Nietzsche's Beyond Good and Evil: The Hard Way (014)

It is perhaps just dawning on five or six minds that natural philosophy is only a world-exposition and world-arrangement (according to us, if I may say so!) and NOT a world-explanation; but in so far as it is based on belief in the senses, it is regarded as more, and for a long time to come must be regarded as more—namely, as an explanation. It has eyes and fingers of its own, it has ocular evidence and palpableness of its own: this operates fascinatingly, persuasively, and CONVINCINGLY upon an age with fundamentally plebeian tastes—in fact, it follows instinctively the canon of truth of eternal popular sensualism. What is clear, what is "explained"? Only that which can be seen and felt—one must pursue every problem thus far.

Even physics is not an explanation of the world; it is merely another interpretation of it (by us!). But what is convincing about physics is its reliance on the senses. Knowledge can be proved through experimentation. Physics is a conviction for the importance of sense data.



Obversely, however, the charm of the Platonic mode of thought, which was an ARISTOCRATIC mode, consisted precisely in RESISTANCE to obvious sense-evidence—perhaps among men who enjoyed even stronger and more fastidious senses than our contemporaries, but who knew how to find a higher triumph in remaining masters of them: and this by means of pale, cold, grey conceptional networks which they threw over the motley whirl of the senses—the mob of the senses, as Plato said.

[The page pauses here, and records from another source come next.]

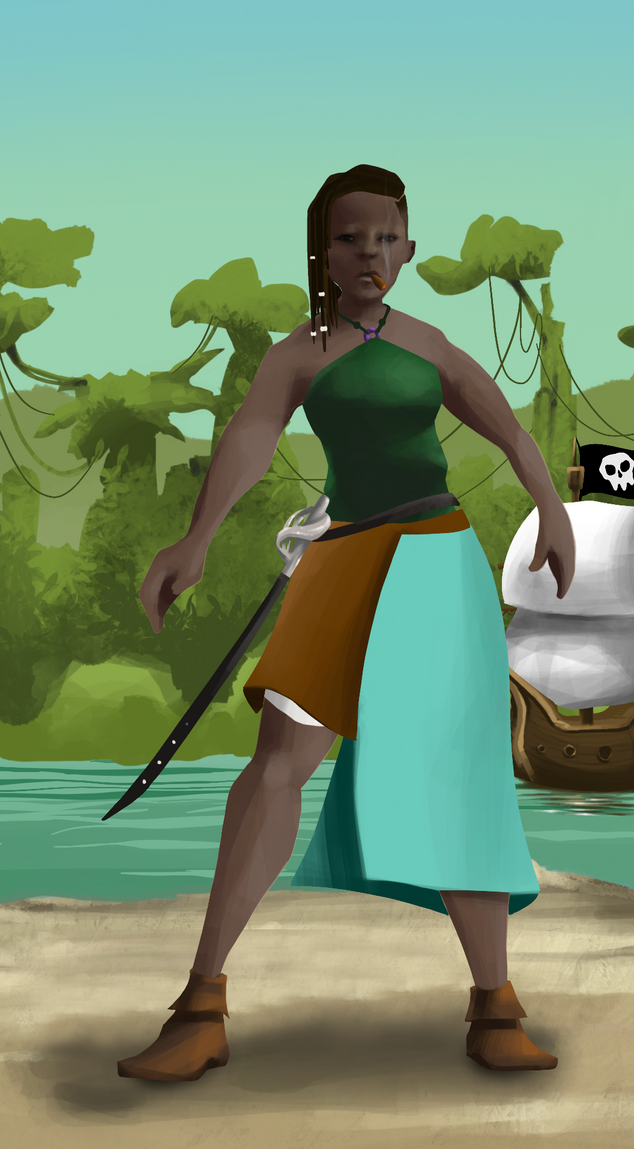 AlgoSeas Pirate #10068 NFT on Algorand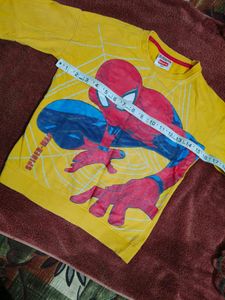 Spiderman Sweatshirt 5 To 6 Year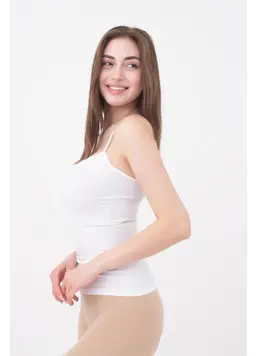 Nahtloses Tanktop mit dünnen Tragern CAMISOLE (white)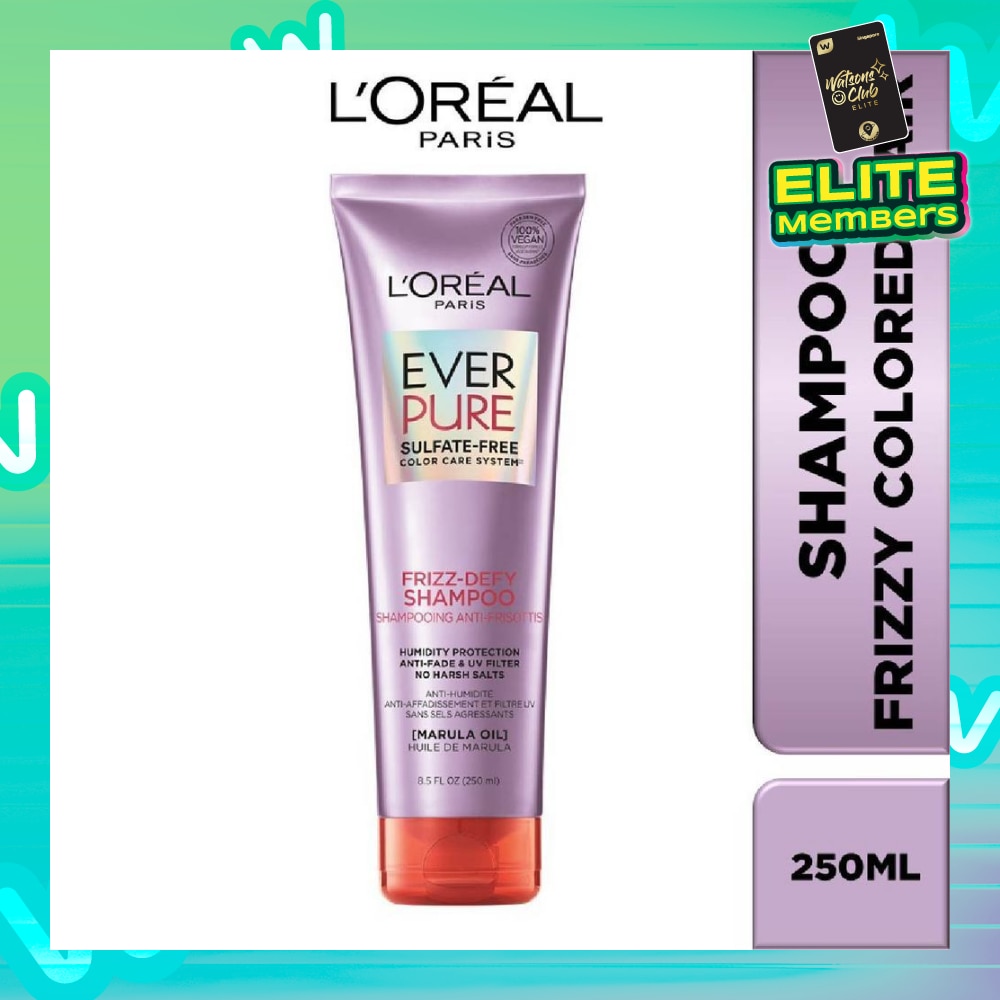 Everpure Frizz-Defy Smoothing Sulfate-free Shampoo (For Dry and Frizzy Hair) 250ml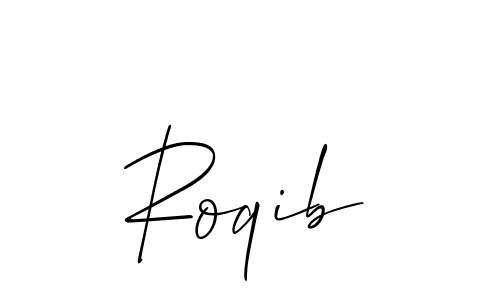It looks lik you need a new signature style for name Roqib. Design unique handwritten (Allison_Script) signature with our free signature maker in just a few clicks. Roqib signature style 2 images and pictures png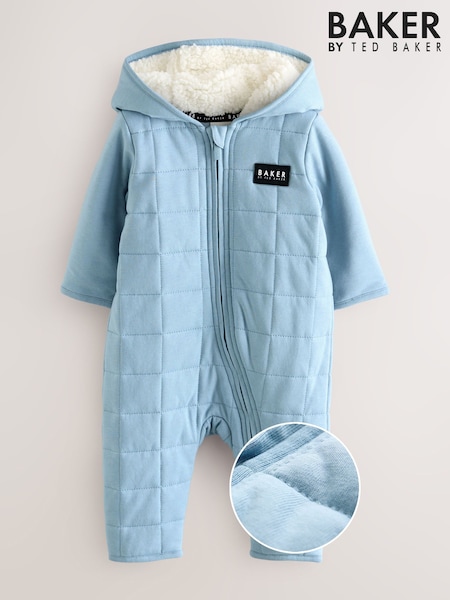 Baker by Ted Baker Blue Quilted All-In-One (F08727) | AED209 - AED227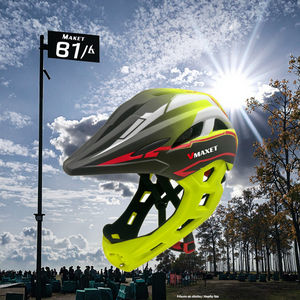 <span class=keywords><strong>Casco</strong></span> Integral para Bicicleta de Montaña con EPS Multidensidad para una Absorción de Impactos Superior, Certificado de Seguridad para Deportes Extremos - Product Image 4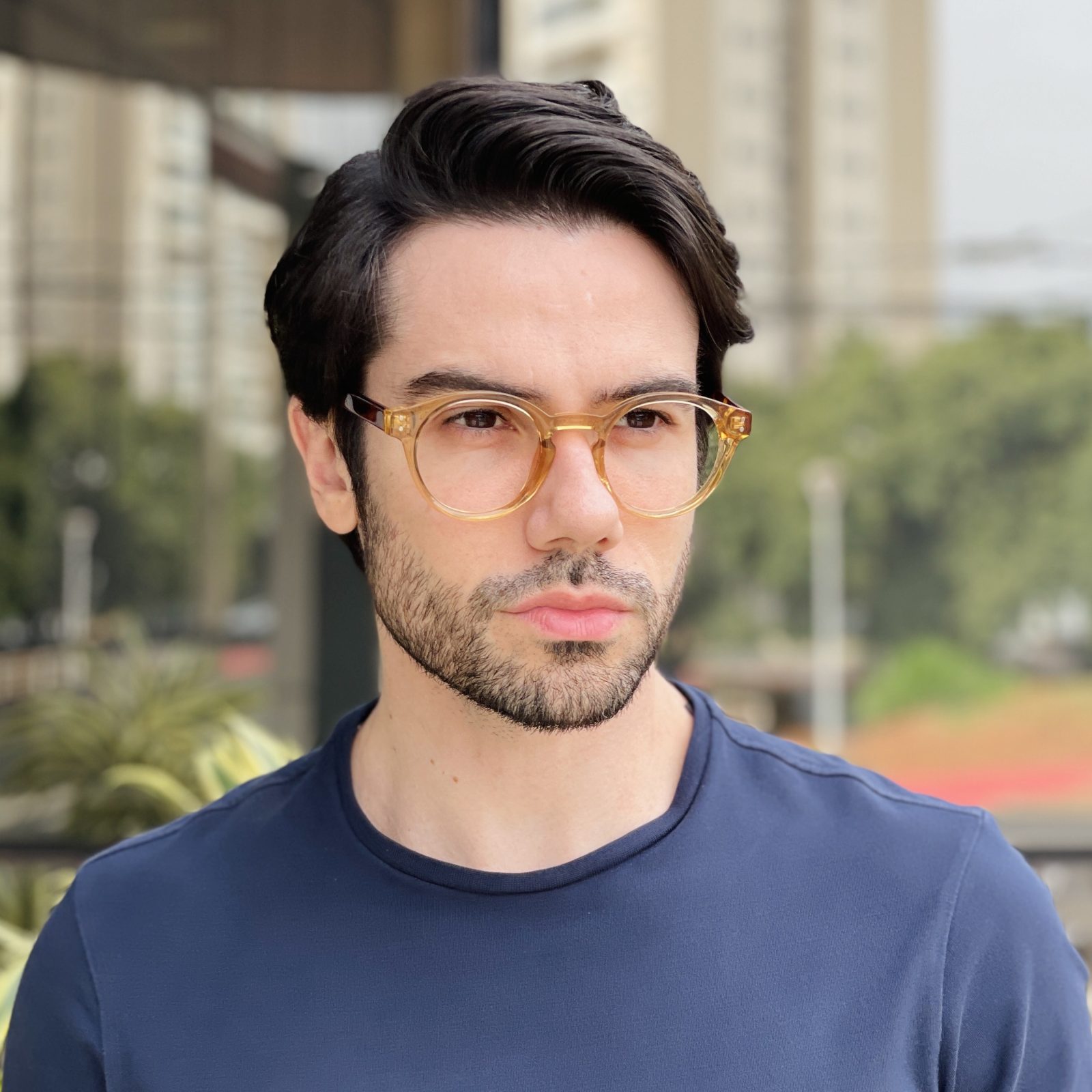 safine com br oculos de grau masculino redondo marrom transparente nicolas 2 safine com br oculos de grau masculino redondo marrom transparente nicolas 2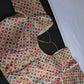 Multi Color Beige Base Blouse - 
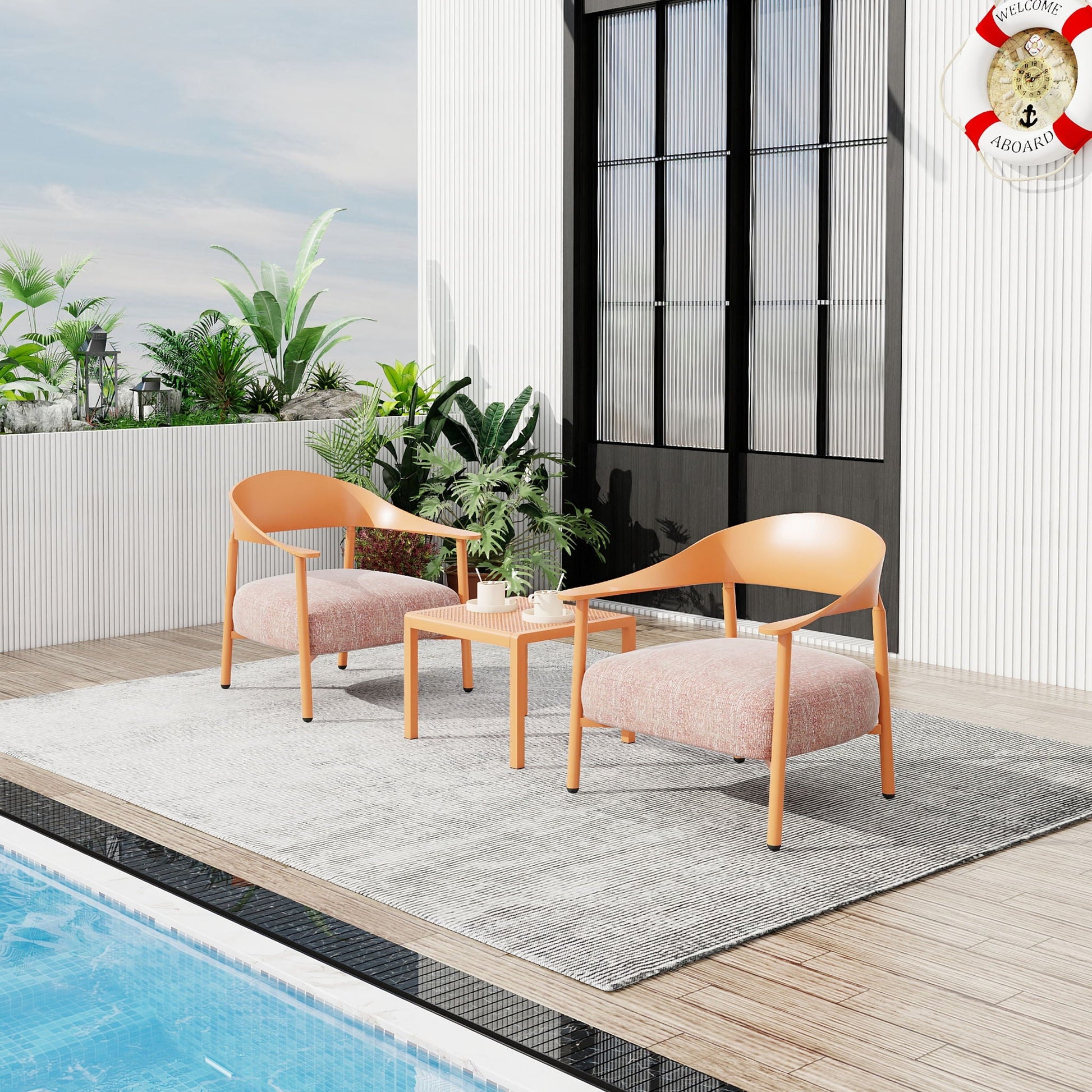 Furniture Set With Seat Cushions, Sturdy And Durable- Unique Piece Furniture- {{Product type}}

On the other hand, Platonism was built in retaliation to the obviousness of the senses. Unlike physicists, Platonists wanted to overcome their senses and seek a more eternal truth that was deemed more important. Platonism is the conviction that senses are something to be overcome and the real world lies beyond them.



In this overcoming of the world, and interpreting of the world in the manner of Plato, there was an ENJOYMENT different from that which the physicists of today offer us—and likewise the Darwinists and anti-teleologists among the physiological workers, with their principle of the "smallest possible effort," and the greatest possible blunder. "Where there is nothing more to see or to grasp, there is also nothing more for men to do"—that is certainly an imperative different from the Platonic one, but it may notwithstanding be the right imperative for a hardy, laborious race of machinists and bridge-builders of the future, who have nothing but ROUGH work to perform.

The Platonists enjoyed living in the unknown, living in accordance not with the physical world, but instead the Forms. Science is grounded on the opposite: “where there is nothing more to see or to grasp, there is also nothing more for men to do." Physicists enjoy certainty of everything. Platonists enjoy “going beyond” certainty.



Nietzsche doesn't say which understanding-of-the-world is better, but he does hint that the scientific conception of the world will be the better conviction for the "machinists" and “bridge-builders” of the future. It is more utilitarian.